(Directions)
With the records below as your source, retype each line exactly from the top down to the line that contains "Micro-ondas Panasonic 21 Litros NN-ST254WRU", and include that line.

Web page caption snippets
····················
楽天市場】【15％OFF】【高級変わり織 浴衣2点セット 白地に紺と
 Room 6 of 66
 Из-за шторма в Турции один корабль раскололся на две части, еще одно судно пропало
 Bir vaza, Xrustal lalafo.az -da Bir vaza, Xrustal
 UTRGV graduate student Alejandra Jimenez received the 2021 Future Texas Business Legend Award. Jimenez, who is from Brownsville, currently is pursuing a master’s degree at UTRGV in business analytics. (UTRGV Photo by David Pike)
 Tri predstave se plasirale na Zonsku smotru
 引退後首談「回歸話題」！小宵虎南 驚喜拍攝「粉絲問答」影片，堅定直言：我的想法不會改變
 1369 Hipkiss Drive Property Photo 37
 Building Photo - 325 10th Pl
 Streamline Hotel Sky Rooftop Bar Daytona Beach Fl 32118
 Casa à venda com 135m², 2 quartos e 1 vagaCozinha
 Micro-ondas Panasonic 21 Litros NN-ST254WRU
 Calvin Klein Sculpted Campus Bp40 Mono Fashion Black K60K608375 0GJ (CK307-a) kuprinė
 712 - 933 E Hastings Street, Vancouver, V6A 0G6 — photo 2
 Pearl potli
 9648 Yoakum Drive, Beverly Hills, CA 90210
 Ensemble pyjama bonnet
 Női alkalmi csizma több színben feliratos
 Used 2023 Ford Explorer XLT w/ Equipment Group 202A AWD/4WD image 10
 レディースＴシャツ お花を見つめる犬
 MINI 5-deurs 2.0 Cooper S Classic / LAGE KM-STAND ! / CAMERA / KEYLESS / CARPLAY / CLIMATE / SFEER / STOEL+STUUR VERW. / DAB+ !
····················
(Answer)
楽天市場】【15％OFF】【高級変わり織 浴衣2点セット 白地に紺と
 Room 6 of 66
 Из-за шторма в Турции один корабль раскололся на две части, еще одно судно пропало
 Bir vaza, Xrustal lalafo.az -da Bir vaza, Xrustal
 UTRGV graduate student Alejandra Jimenez received the 2021 Future Texas Business Legend Award. Jimenez, who is from Brownsville, currently is pursuing a master’s degree at UTRGV in business analytics. (UTRGV Photo by David Pike)
 Tri predstave se plasirale na Zonsku smotru
 引退後首談「回歸話題」！小宵虎南 驚喜拍攝「粉絲問答」影片，堅定直言：我的想法不會改變
 1369 Hipkiss Drive Property Photo 37
 Building Photo - 325 10th Pl
 Streamline Hotel Sky Rooftop Bar Daytona Beach Fl 32118
 Casa à venda com 135m², 2 quartos e 1 vagaCozinha
 Micro-ondas Panasonic 21 Litros NN-ST254WRU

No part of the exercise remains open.